A recent report in The Telegraph, UK, on why online dating generates more lasting relationships, states, “love is now big business worth an annual $4 billion internationally and growing at 70 per cent a year”. Psychologists at the Chicago University are of the opinion that marriages which begin with online dating have a greater chance of success than those which begin in the ‘real’ world. According to a survey, couples who first met in person reported “slightly less satisfaction” than the ones who met online.
The times are a-changing, it can be said, but one wonders where this change is going. Online dating ‘solutions’ provided by professional matchmakers are for the rich and the busy — who have little time to search for a partner in the world outside the computer screen. But anyone who has an account on Facebook will realize how online love is all set to dissolve class barriers.
A Facebook profile is almost like a voter ID card now — not having one is unusual. One doesn’t even require a personal computer or an internet café to have one — the phone is a mini computer. Facebook is like a huge party room, a café, a bar or a community centre you can visit at all hours. Finding love and doing business, of course, are the most common reasons for visiting such places.

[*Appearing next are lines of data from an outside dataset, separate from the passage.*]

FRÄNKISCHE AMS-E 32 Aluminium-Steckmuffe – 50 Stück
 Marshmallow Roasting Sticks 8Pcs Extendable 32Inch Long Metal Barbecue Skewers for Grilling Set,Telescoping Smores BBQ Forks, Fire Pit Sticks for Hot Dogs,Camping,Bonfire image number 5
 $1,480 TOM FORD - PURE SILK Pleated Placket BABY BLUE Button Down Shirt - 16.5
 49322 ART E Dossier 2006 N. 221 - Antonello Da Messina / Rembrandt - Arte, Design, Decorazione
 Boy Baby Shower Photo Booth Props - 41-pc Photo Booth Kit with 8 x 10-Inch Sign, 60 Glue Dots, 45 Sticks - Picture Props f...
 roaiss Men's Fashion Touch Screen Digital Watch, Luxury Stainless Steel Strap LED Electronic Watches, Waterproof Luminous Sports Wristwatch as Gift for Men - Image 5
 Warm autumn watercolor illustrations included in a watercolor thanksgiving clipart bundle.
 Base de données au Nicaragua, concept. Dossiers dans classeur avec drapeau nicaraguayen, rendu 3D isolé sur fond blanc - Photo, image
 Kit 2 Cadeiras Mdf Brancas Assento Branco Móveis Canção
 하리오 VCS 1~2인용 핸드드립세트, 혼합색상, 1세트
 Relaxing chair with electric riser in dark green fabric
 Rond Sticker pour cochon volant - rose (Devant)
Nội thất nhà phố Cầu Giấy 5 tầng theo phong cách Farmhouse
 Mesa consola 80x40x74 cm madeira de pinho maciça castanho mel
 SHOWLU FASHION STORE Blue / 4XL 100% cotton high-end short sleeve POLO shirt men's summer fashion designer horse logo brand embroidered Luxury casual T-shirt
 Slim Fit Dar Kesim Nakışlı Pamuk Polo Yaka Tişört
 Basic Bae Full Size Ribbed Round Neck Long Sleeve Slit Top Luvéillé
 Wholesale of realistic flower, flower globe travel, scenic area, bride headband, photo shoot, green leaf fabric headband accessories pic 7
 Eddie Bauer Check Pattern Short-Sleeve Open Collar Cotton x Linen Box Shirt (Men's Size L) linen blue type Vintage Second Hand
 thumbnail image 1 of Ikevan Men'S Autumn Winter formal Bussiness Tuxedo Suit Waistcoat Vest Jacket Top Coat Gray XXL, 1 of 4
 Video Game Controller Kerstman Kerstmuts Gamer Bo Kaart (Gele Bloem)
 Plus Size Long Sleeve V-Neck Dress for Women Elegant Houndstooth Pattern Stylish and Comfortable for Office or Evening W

What is it that makes internet love such a popular and comfortable option — the risks of fake profiles, fake photographs and fake identities notwithstanding? Delving into that abyss called the human psyche, one could investigate why an introvert can transform himself into a flamboyant extrovert in his virtual avatar, how a Photoshopped image can work wonders for one’s confidence and why the ‘safe’ distance afforded by the computer screen can help a person express his or her emotions better. One clear advantage of the virtual self is the anonymity that comes with it. A Facebook profile can be disposed of, or disowned, at will. One can discard an entire episode — of promises made, inclinations shown, words spoken, emotions expressed — with a simple Block or Unfriend button. Online dating also makes it far easier to ward off unwanted attention. It’s a life that can be created, erased and re-created. The virtual life is far more empowering than the ‘real’ one.
The virtual world also offers the convenience of packaging oneself better. In person, one might blabber or stammer, or be bad at finding the right words at the right moment. One may have a bad hair day; the lack of a decent dress or a good perfume may spoil a date. But words written in chat boxes can be erased and rewritten before one presses the Enter button. The About Me section can be edited, the profile picture airbrushed. Physical presence will often betray — through the flicker of the eye, the hint of a smile or the tightening of facial muscles — what one tries to hide. But smileys are standardized templates for the ‘exact’ emotion one intends to express. They will not let the other person read more than what is required.
Love does involve advertising oneself to the prospective partner as a lucrative option. It is a business that can be done better over the internet.